À noite, quando uma mãe põe o filho para dormir, dirigindo-lhe palavras meigas, cantando cantigas de ninar, os embates e as malcriações ocorridos durante o dia ficam esquecidos, como se não tivessem ocorrido. É um momento mágico de encontro de afetividades limpas e um bálsamo regenerador das inevitáveis angústias e conflitos da relação.
Quando a mãe e/ou o filho carregam ressentimentos no momento do encontro amoroso, uma inquietude se aloja na alma dos dois, impedindo a entrega total e a renovação das subjetividades. A mãe, diante de seu bebê amado, tem a capacidade de divalência, isto é, de fazer uma separação absoluta entre a raiva e o amor. Fico impressionado com as mães que logo após uma discussão com o marido, por exemplo, conseguem, no momento seguinte, expulsar os sentimentos negativos e se relacionar com seu bebê como anjos imaculados.
Por outro lado, existem mães que ao colocar o filho na cama têm o seguinte sentimento: "Ah, você me atazanou o dia inteiro, mas agora que precisa de mim para se tranqüilizar e adormecer está bonzinho". Esta sensação ambivalente lança uma sombra sobre a relação afetiva, tornando-a impura e retirando parcelas de sua potência recuperadora.

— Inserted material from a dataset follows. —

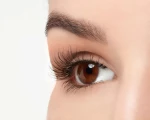 ARDELL NATURAL 176 | Βλεφαρίδες Black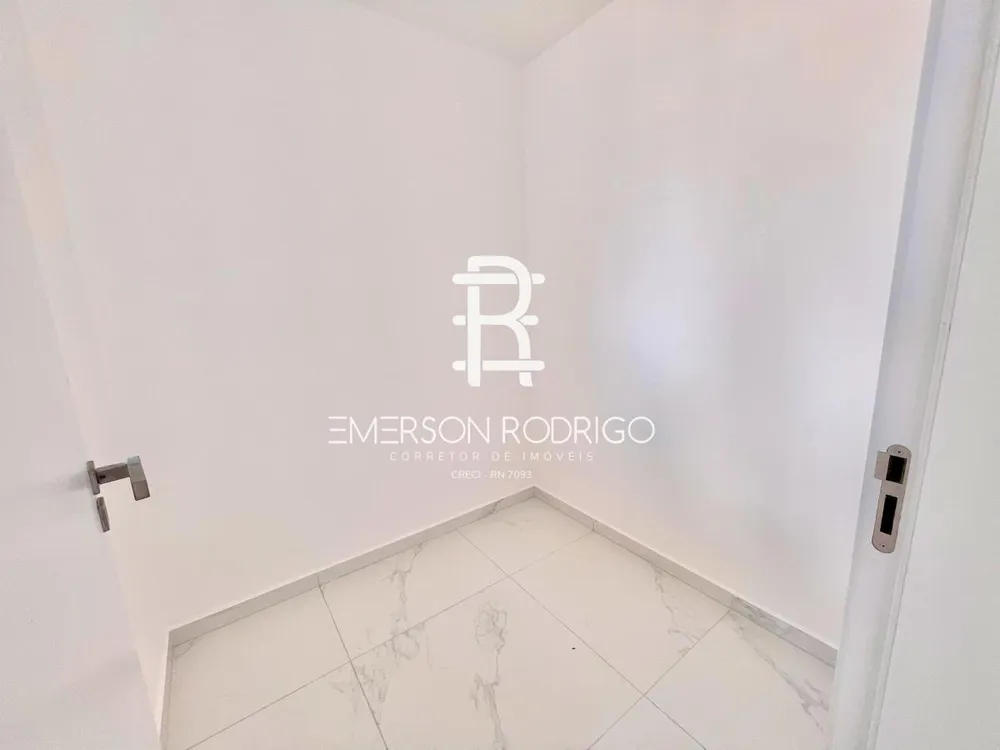 Apartamento, 3 quartos, 88 m² - Foto 16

Exemplificando essa dualidade: uma analisanda da minha clínica percebia uma diferença entre o abraço da mãe e o da babá. O abraço da primeira não proporcionava plena sensação de bem-estar, enquanto os abraços totalmente abertos da babá eram um refúgio. Por que o abraço da mãe não seria satisfatório, afinal? Pode ser que ela tivesse, mesmo nestes momentos especiais, a habitual ambivalência, em que amor e ódio ocupam um mesmo espaço, impedindo a manifestação plena dos afetos e não conseguindo transformar a ambivalência de sentimentos em divalência, isto é, não podendo realizar no momento da intimidade uma separação radical entre os sentimentos negativos e os positivos.

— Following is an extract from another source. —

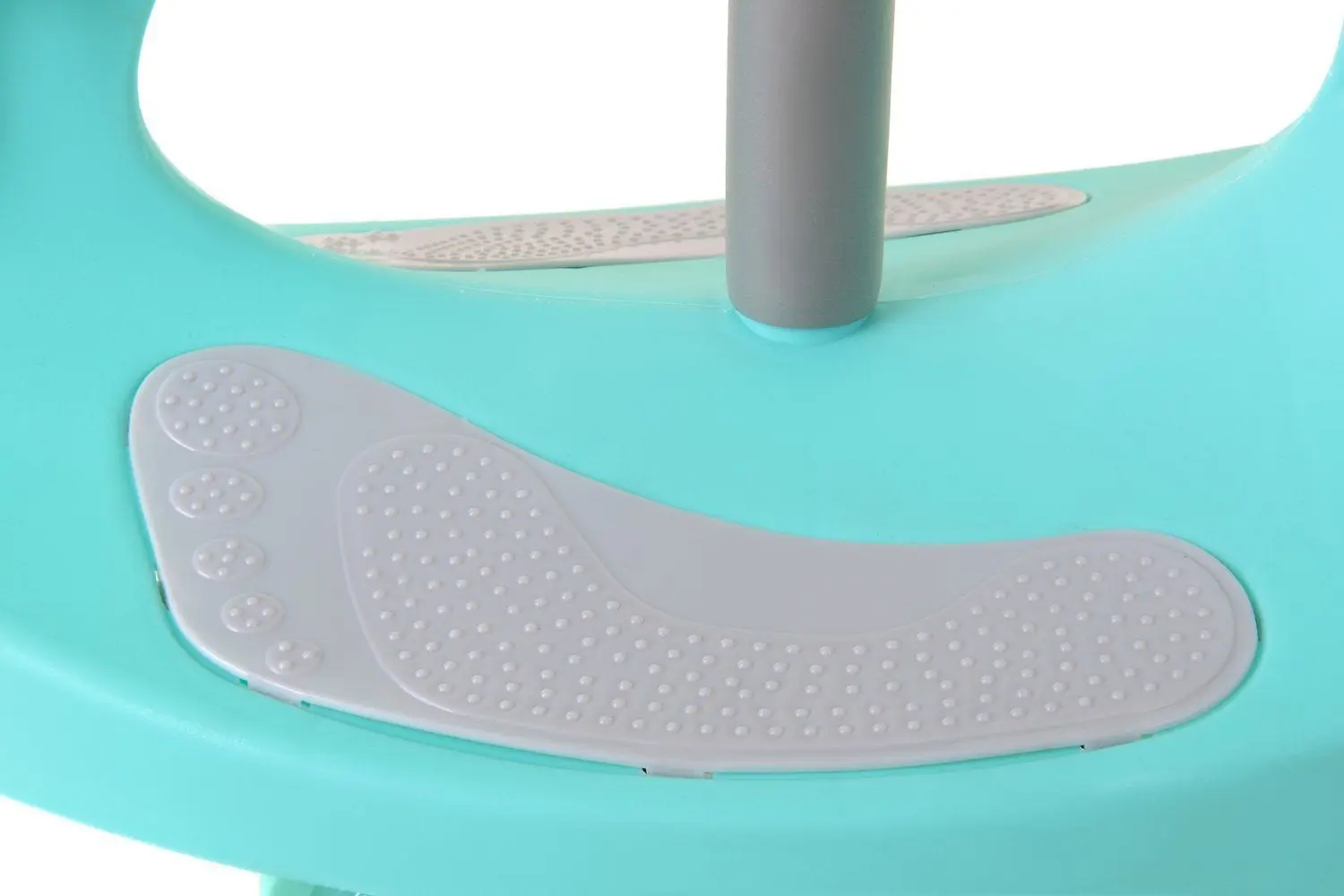 Tolocar FunFit Kids Gravity Ride 2456 (Turquoise)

Encontramos estes mesmos desenhos, com as devidas modificações, no relacionamento amoroso de casais adultos. Passado o período da paixão, quando as diferenças não entram em pauta, aparecem os inevitáveis conflitos com os conseqüentes sentimentos de frustração, raiva, medo e insatisfação. Se o casal ou um dos parceiros armazenar estes sentimentos negativos, levando-os para todos os momentos da relação, especialmente para a hora do carinho e do sexo amoroso, não será possível um encontro despojado, purificado. A restauração será incompleta e o descontentamento penetrará cada vez mais no mar das almas, até que a convivência entre o casal perca a sua razão de existir.

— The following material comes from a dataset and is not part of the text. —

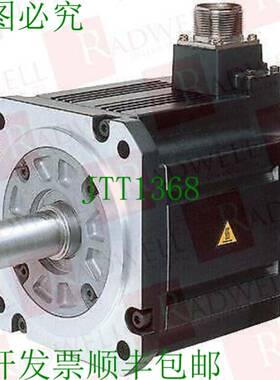 原装供应描述 HF-SP3524B / HFSP3524B 二手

Se os dois sentirem as brigas e as picuinhas como contingentes, a relação torna-se diferente. No encontro amoroso vigorará só o essencial, ou seja, o amor terno, a admiração, o enlevo, a interpenetração apaixonada das carnes e das almas. Esta experiência será tão extraordinária e sublime que os parceiros desejarão repeti-la sempre e sempre. A relação de casal valerá a pena, apesar dos embates das personalidades no convívio diário mas que desaparecerão na hora do encontro mágico, proporcionando um transcendente sentimento oceânico pelo qual vale a pena lutar.